Thomas Aquinas has been honored with innumerable predicates. However, he could first of all be called Magnus, that is, the Great.
Great was his predestination, since from his gestation, according to the biographer William of Tocco, his mother received revelations about the exceptional vocation of her son.
His contemplative spirit was equally great. While still a small boy at the Monastery of Monte Cassino, he insistently questioned the monks, “Who is God?” There, the entire theological cathedral of his doctrine was already present in germ.
Great was his purity, for he practiced the angelic virtue in a heroic way, this being the facet of his soul that most distinguished him in the testimonies for his canonization. As Pius XI pointed out, had he not been angelic in virtue, he would also not have been a doctor. Shortly before Thomas’ death, his confessor reported that his faults were similar to those of an innocent child.
Even his bodily proportions were great, but even more so those of his soul, for he excelled in magnanimity, the virtue that makes the spirit tend towards greatness, as he himself explained.

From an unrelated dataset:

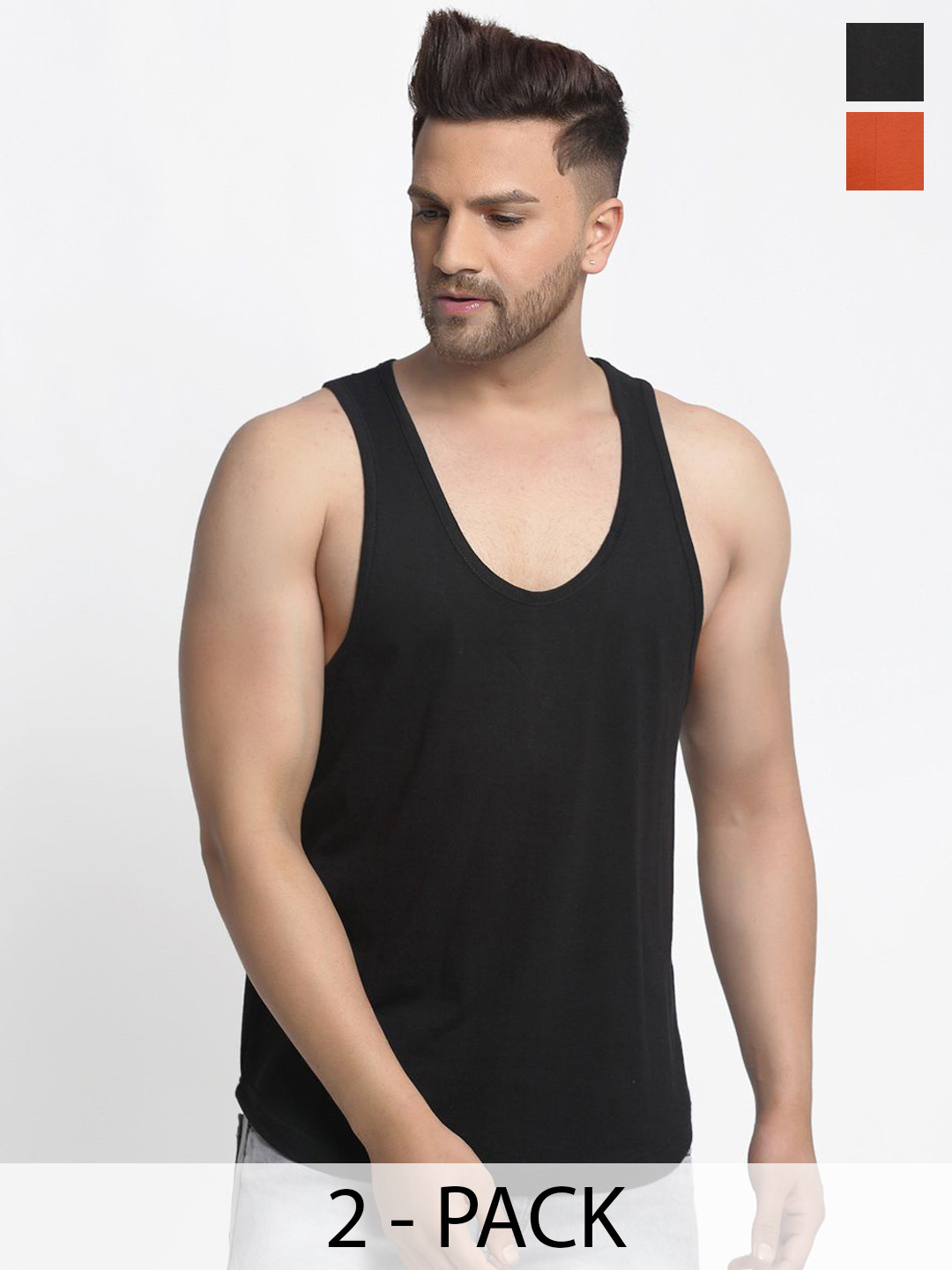 Friskers Pack Of 2 Gym Innerwear Vests 180325CLC-01-43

Great, moreover, was his discipline in studies, whose master could only be a great Saint named Albert. He wrote over a hundred works, most of them commissioned by the most varied interlocutors, from Popes, kings and nobles to colleagues and confreres.
A great professor at the University of Paris, his highly attended lectures attracted not only the attention of students, but also the envious eye of his peers. Thus, the disputes with his opponents were also numerous. Nevertheless, the truth always fought in his favor.
A great poet of the Eucharist, he composed wonderful hymns to the Blessed Sacrament, such as Adoro te devote, which continue to inspire Catholic piety to this day.
His miracles were also great, causing John XXII to comment about him: “He wrote as many articles as he performed miracles.”
Great, finally, were the honors he accrued, to the point of Benedict XV affirming that Holy Church has assumed as her own the doctrine of Aquinas.
We could go on enumerating the great qualities of the Angel of the Schools, many of which are illustrated in the pages of this edition. We insist, however, on attributing to him the title of Magnus, and it is hoped that the Church will do so in the future because, unlike the Alexanders and Napoleons, the Angelic Doctor’s magnificence crosses centuries of history and lives on in our days.
This is because Thomas Aquinas did not seek the vainglory of the Caesars or accept the blinding incense of flatterers, but was crowned with the greatest of glories: that of sanctity, whose recognition by the Church through canonization occurred on July 18, 1323, exactly seven hundred years ago. Thus was opened to him the luminous path of the authentic greats. ◊
Editorial of the Heralds of the Gospel magazine, #189.